Are you, like me, tired of hearing everyone say that Marvel has boring villains? No? Oh. Well I won't bore you with my lame defense of Marvel. Instead, let's unpack what it really means to have a "lame" villain in a comic book movie these days versus a villain who takes over the focus of your film.
I'm going to be honest, if a villain can make me laugh while still maintaining a sense of dread; I'm all in. This basically puts The Joker at the top of my list in most of his incarnations.
I'll even go for a villain who gets my attention through a personality quirk or interesting voice
I get that people want a coherent plot that really makes you feel like your hero will seriously have to pull out all the stops to save the day, because, why not?! Unfortunately, once you start putting too much effort into crafting this amazing villain who can't be stopped, you take away from your hero. The person, or team, that people, ostensibly, came to see.
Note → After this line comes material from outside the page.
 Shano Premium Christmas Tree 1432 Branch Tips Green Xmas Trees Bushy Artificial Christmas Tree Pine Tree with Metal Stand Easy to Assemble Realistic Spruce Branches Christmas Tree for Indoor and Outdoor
I may be wrong (and I'll only ever know if you don't comment on this post) but I think it's better to tip the scales more in favour of building up your hero if you need to pick a side. It's what I like about what Marvel is doing with their characters. Their heroes are celebrated and get the majority of the screen time.
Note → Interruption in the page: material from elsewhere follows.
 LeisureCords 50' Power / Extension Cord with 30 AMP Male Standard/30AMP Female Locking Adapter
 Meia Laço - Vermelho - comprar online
I'm invested in these heroes. Their personal journeys are the draw for me. A robot who has a chip on his shoulder about Tony Stark is something to stir the pot that is the heroes' self doubt!
Because I felt that the main conflict in Avengers: Age of Ultron was mainly in house, I guess I missed the part where I was supposed to be upset about how Ultron was too childish or zany. Realistically, the adversity that the Avengers needed to overcome in that movie was how they were going to trust each other and work together when they're constantly keeping secrets from each other. Add to that there is some crazy robot running around trying to destroy the earth and you've got some good movie watching on your hands.
Making the villain the most interesting thing about your movie is always risky and dare I say ill-advised. Marvel has always been about having the star of the movie be the hero and I think that works well with their universe building since you'll definitely care when you see them appear in another movie or interact with the other heroes.
Other approaches seem to favor having the villain or, in DC's next movie, the antagonist be the main draw. We'll see how that goes for them. But, those villains or show downs between two titans will go away by the next movie, then what are you left with? Trying to top the last villain or show down at the expense of the hero of your story's journey?